Since you benefit from both types of interactions, it’s important to work to strengthen your relationships with Gaucher disease peers. Building high-quality relationships within the Gaucher disease community promotes education, empowerment, and advocacy, helping to change how individuals respond to this disease.

Making Connections to Live Better

Living with a rare disease like Gaucher disease can be challenging, especially if you don’t feel like you have anyone to turn to. For some, it’s easy to become trapped by negative emotions that prevent you from living your life to the fullest.

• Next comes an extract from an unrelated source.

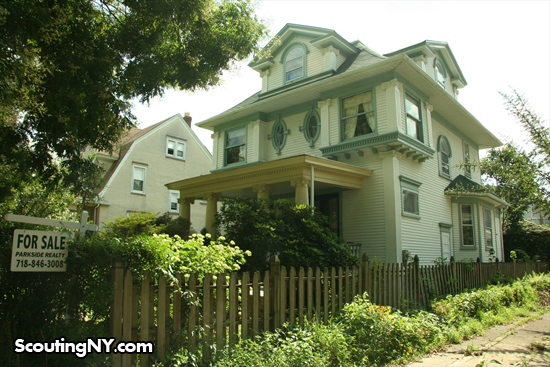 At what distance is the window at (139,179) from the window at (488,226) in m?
17.9

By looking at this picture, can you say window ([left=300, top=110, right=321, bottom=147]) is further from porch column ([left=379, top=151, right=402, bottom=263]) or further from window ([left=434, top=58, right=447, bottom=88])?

If you are hesitant or afraid to reach out for help, remember that you are not alone. Keep in mind that there are others who know what you’re going through—and who want to help.

Gaucher disease resources online

Thanks to the Internet, it’s easier than ever to connect with others who live with Gaucher disease. Organizations like NGF and the Gaucher Community Alliance offer a variety of mentorship programs. The International Gaucher Alliance also helps connect patients and provides access to many supportive resources. NGF specifically helps patients connect with others through resources like the E-Pal Connections Program and Gaucher disease discussion groups.

Social media is also a great way to connect with your peers. Already, people living with Gaucher disease connect using Facebook and other social media platforms.

An international community of patients helps you feel less isolated, and the peer support you receive can help you cope with any struggles you may face. People around the world are ready and willing to share their experiences to help everyone with Gaucher disease live better.

“It’s important to understand there are other people out there who are just like you. They’ve been through it, and they want to help. You should try to reach out and tap into the Gaucher disease community as a resource. Sharing experiences and working together helps us all live better,” says Rosenberg.